現在、同社の生産計画・実績管理の仕組みはかなり情報システム化が進んでいる。一見すると、情報システムの整備によって、素晴らしい生産の仕組みが実現できているように見られがちだ。その実態は全く逆である。まず、TOCの理論・方法論に基づき業務を設計する。次にその設計内容をハンド系の仕組み(手作業ででも)でしばらく実践する。その仕組みが十分に機能することを確認してからシステム化を行うのだ。さらにシステム化する際には、単にハンド系の業務を短時間に大量処理するということにとどまらないように留意している。次の改善のポイントを見つけ出すための指標を取ることができるような仕掛けを忘れずに組み込んでおくのである。

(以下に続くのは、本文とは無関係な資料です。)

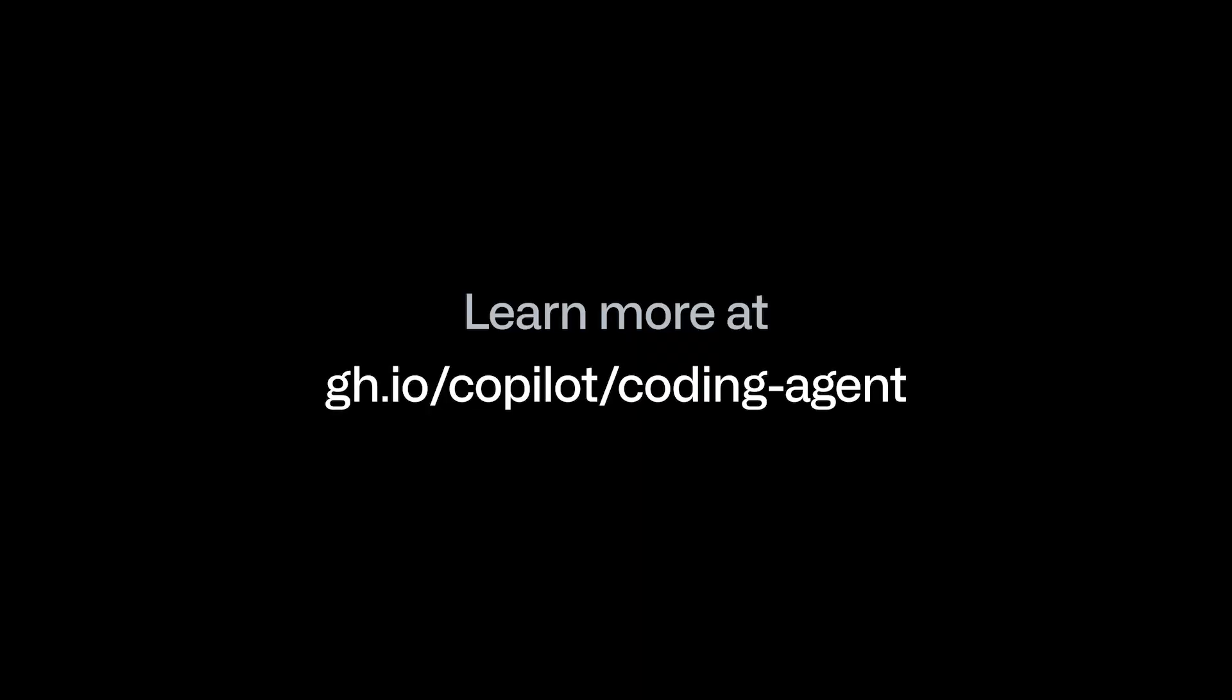To learn more about the Copilot Coding Agent, check out gh.io/copilot/coding-agent.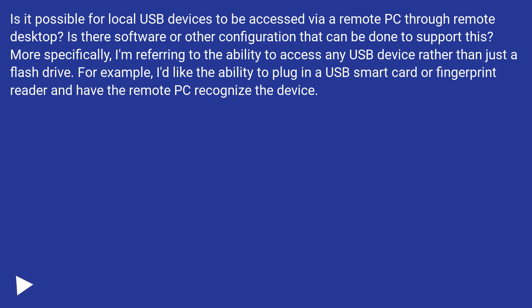More specifically, I'm referring to the ability to access any USB device rather than just a flash drive. For example, I'd like the ability to plug in a USB smart card or fingerprint reader and have the remote PC recognize the device.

改善の五ステップの中で最も難しいのは、改善を継続するためのモチベーション管理である。改善の目的意識が明確でない状態の従業員に対し、「自分たちで改善ポイントを見つけて改善しろ」、「他社の改善を参考にしろ」と指示するだけでは、改善自体が目的となってしまう危険性が大きいからである。残念ながらTOC導入直後の状態のまま、継続的な革新にはつながっていない企業の方が多いのが実情と言えるだろう。

改善のステップを踏み続けるために、S社では改善のビジョンとロードマップを経営者と従業員が一体になって具体的なアクションプランに落とし込み、さらにその内容をイラストやアニメーションにして社内で共有化している。その結果S社のビジョンや目標は従業員にとってイメージしやすく、実行しやすいものとなった。また、四半期ごと、そして1年ごとの進捗管理も改善の実行を着実なものとしている。

このようにしてプロジェクト完了後から休むことなく改革を続けているS社は、2007年12月期の売上高を、プロジェクト開始前の2002年12月期の1.7倍に拡大させ、利益率も大幅に伸ばすことに成功している。